Dive Into Python 3 was commissioned in January 2009 by Apress, who published the original Dive Into Python in 2004. Upon agreeing to contract terms, I registered a ten-year lease on diveintopython3.org and immediately published a draft table of contents.
The original DiP was written in DocBook XML. As I’ve mentioned before, I chose DocBook XML because I wanted to learn XML and XSL, and DocBook seemed to be Just The Thing for technical documentation. There was also a bit of self-grandeur involved. I was writing a book For The Ages, so it was important that it be in a Format Of Forever. And in the short term, I could transform The Format Of Forever into useful (but lowly) Output Formats, so I could do unimportant things like publish it online.
For The Ages turned out to be about 10 years. The Format Of Forever is still going strong, but Python itself changed so quickly that it didn’t matter.
Oh, and there was one other little thing that happened between 2000 and 2009: search stopped sucking and took over the web. Kids today may not remember, but it used to be hard to find stuff on the web. Once you found it, you wanted to download it so you could read it offline.
Remember being “offline”?
Anyway, I now realize that there were some hidden assumptions behind my design decisions in 2000. Some of those assumptions turned out to be wrong, or at least not-completely-right.
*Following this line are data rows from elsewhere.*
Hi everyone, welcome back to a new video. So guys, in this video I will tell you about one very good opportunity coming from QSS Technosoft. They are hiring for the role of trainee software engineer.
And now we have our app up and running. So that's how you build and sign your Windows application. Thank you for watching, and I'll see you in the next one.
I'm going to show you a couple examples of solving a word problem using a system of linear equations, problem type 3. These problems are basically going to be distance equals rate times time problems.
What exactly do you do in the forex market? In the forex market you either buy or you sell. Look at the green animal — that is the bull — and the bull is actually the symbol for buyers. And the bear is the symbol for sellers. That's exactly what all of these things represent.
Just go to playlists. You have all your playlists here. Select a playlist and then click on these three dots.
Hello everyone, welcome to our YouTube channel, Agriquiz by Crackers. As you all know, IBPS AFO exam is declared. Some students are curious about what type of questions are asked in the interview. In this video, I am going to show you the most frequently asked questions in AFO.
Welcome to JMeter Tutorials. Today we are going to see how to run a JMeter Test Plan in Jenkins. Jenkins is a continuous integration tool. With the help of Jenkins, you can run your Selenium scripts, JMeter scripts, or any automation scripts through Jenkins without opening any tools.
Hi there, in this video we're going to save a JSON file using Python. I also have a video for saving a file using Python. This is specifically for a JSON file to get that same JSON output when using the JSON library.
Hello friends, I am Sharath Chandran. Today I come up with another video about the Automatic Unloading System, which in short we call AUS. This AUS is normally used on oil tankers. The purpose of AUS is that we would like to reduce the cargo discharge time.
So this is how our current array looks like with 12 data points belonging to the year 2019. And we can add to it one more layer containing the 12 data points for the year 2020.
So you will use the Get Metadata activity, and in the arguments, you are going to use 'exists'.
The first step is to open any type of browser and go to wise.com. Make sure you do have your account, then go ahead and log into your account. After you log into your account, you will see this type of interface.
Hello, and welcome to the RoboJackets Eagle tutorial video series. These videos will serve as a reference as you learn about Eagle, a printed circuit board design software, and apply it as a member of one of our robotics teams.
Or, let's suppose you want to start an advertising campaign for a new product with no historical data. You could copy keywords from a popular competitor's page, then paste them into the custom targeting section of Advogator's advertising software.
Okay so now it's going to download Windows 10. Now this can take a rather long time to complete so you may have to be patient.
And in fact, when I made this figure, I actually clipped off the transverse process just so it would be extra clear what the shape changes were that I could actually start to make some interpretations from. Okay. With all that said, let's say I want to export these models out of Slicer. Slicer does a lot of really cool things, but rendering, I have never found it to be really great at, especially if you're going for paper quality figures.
Sure, a lot of people downloaded DiP, but it still pales in comparison to the number of visitors I got from search traffic. In 2000, I fretted about my “home page” and my “navigation aids.” Nobody cares about any of that anymore, and I have nine years of access logs to prove it.
So, I am writing DiP3 in pure HTML and, modulo some lossless minimizations, publishing exactly what I write. This makes the proofreading feedback cycle faster — instead of “building” the HTML output, I just hit Ctrl-R. I expected it to make some things more complicated, but they turn out not to matter very much.
Some examples:
Furthermore, I am no longer under the illusion that this book will be useful forever. Python will either continue to evolve or it will die; either way, static documentation has a shelf life. Today’s cutting edge code is tomorrow’s mainstream code is next year’s legacy code. DiP’s shelf life was about 10 years. I am supremely confident that the HTML I’m writing today will still be readable 10 years from now, and after that it won’t matter because I’ll have to rewrite the whole damn book anyway.
See you in 2020 for Dive Into Python 4!
§
For curiosity’s sake: how well does HTML as The Format work for the paper version?
How does publishing into PDF / print work if your source is HTML? Do those PDF2HTML things actually work? I thought all prints used LaTeX, which isn’t so bad from one of my encounters, unless you like diagrams and tables.
AFAIK, publishing to paper is about the same as it was in 2004. I take my HTML and import it into MS Word, where the copyeditor complains that my Word document doesn’t use to proper styles. I backport all the changes I care about back to my original HTML (previously DocBook XML) on my own time. In the final proofing phases, everything is done in PDF with Adobe’s editing tools. Again, any changes I care to backport are backported.
In this regard, DocBook vs. HTML makes no difference whatsoever. Nobody else in the “biz” uses either.
— Mark ![]()
> Nobody else in the “biz” uses either.
It depends upon your publisher. At the very least Manning Publishing allows authors to use Docbook (which is what I’m using for my current book).
With Prince XML and a bit of additional CSS the HTML could easily work as The Format for the paper version too.
Check out Pandoc, which converts surprisingly well between LaTeX (print), HTML (web), Markdown (source).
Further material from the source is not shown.